# Collected data:
%%

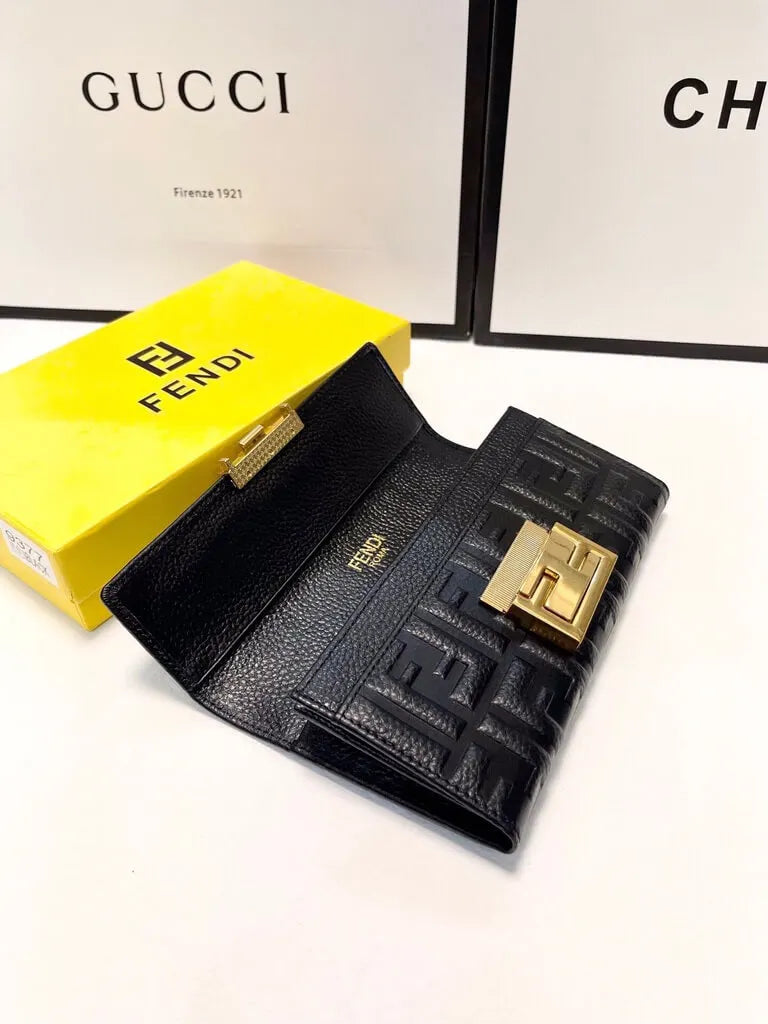 Embossed Metal Buckle Long Flap Wallet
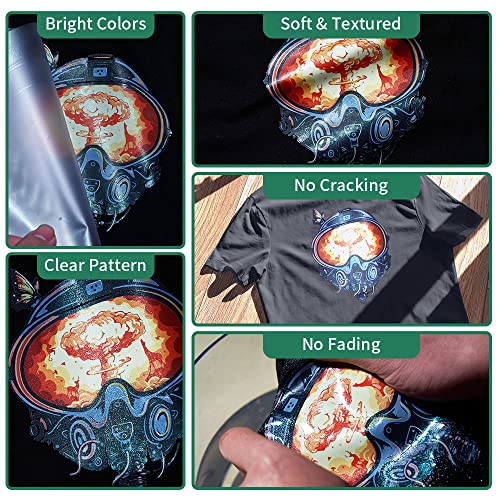 Holographic Dtf Transfer Film A4 Printable Matte Iron-On Heat Transfer Paper For Dark Light Fabric (8.4" X 11.7", 20 Sheets) #TOP2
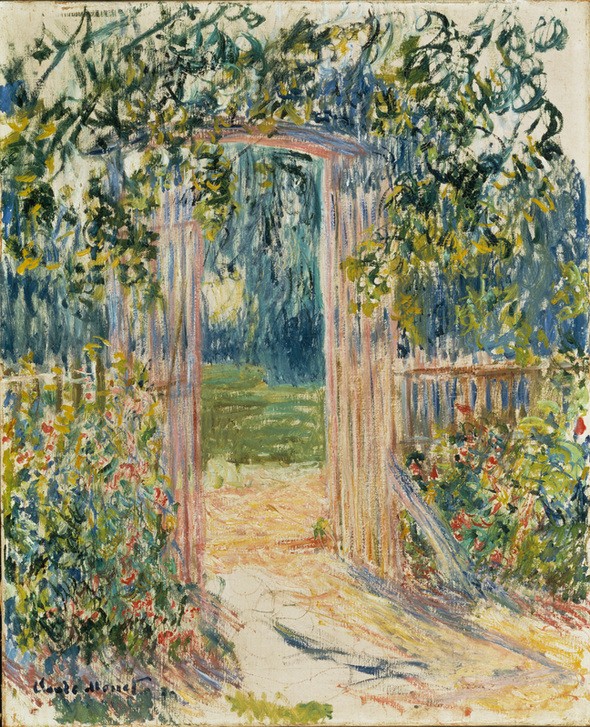 Claude Monet, La porte du jardin, Vétheuil (Garten Und Park,Kunst,Landschaft,Impressionismus,Gartenzaun,Französische Kunst,Gartentor,Garten)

%%

# Exercise details:
Each line from the one with "Holographic Dtf Transfer" to the end of the material needs to be output word for word, with no picture included.

# Solved exercise:
 Holographic Dtf Transfer Film A4 Printable Matte Iron-On Heat Transfer Paper For Dark Light Fabric (8.4" X 11.7", 20 Sheets) #TOP2
 Claude Monet, La porte du jardin, Vétheuil (Garten Und Park,Kunst,Landschaft,Impressionismus,Gartenzaun,Französische Kunst,Gartentor,Garten)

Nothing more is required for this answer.